Rake is my new F5

The last couple of days I’ve been doing a bunch of refactoring, as I tend to do whenever I’ve reached a kind of plateau on what I’m working on. It’s always good, once things work, to go back and improve the design.
I try to write tests before I write code, so that I’m guaranteed to have tests for every feature. I can run those tests at will to make sure my code works. If I couldn’t do that, I’d be much more reluctant to change anything once the code works, for fear I’ll break something important but not really know it until it’s too late.

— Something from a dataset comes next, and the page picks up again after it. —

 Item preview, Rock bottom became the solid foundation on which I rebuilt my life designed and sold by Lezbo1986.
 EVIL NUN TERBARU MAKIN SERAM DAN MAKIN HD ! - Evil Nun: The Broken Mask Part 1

But it’s funny how old habits – like pressing F5 in Visual Studio 2005 every time I made a change, just to make sure the app still compiled and worked ok – die hard. Really hard. After I made all these changes in my Rails app, my first instinct was to “run” it and make sure nothing broke. Because Ruby does not have a compilation phase, one typo in a local variable name can go undetected until runtime.

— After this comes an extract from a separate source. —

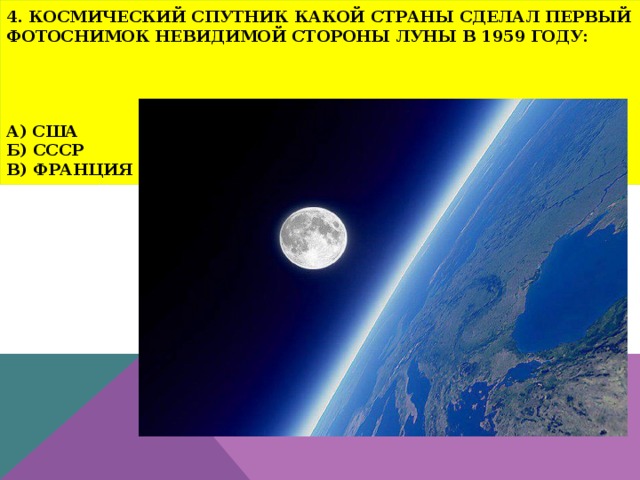 4. Космический спутник какой страны сделал первый фотоснимок невидимой стороны Луны в 1959 году:      а) США  б) СССР  в) Франция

Then I remembered my tests and realized I can just run all my tests to make sure that the app still does what I want it to do:
/dev/app$ rake
All my tests still passed, and it felt great.

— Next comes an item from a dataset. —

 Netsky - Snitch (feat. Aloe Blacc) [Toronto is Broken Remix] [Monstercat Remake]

Now, I’m not egomaniacal enough to believe that I have perfect test coverage, so I still fired up script/server and manually put the app through its paces. But knowing that the full regressions suite passed made a big difference when it came time to pull the trigger and check in all of my changes.
I’m probably in the minority, here. I know that writing tests is not something everyone does, and writing tests first is less common still.
I’m curious to know what you all do. Does running your app in a browser feel sufficient for you? Do you write tests? Do you wish you wrote tests? If so, what stops you?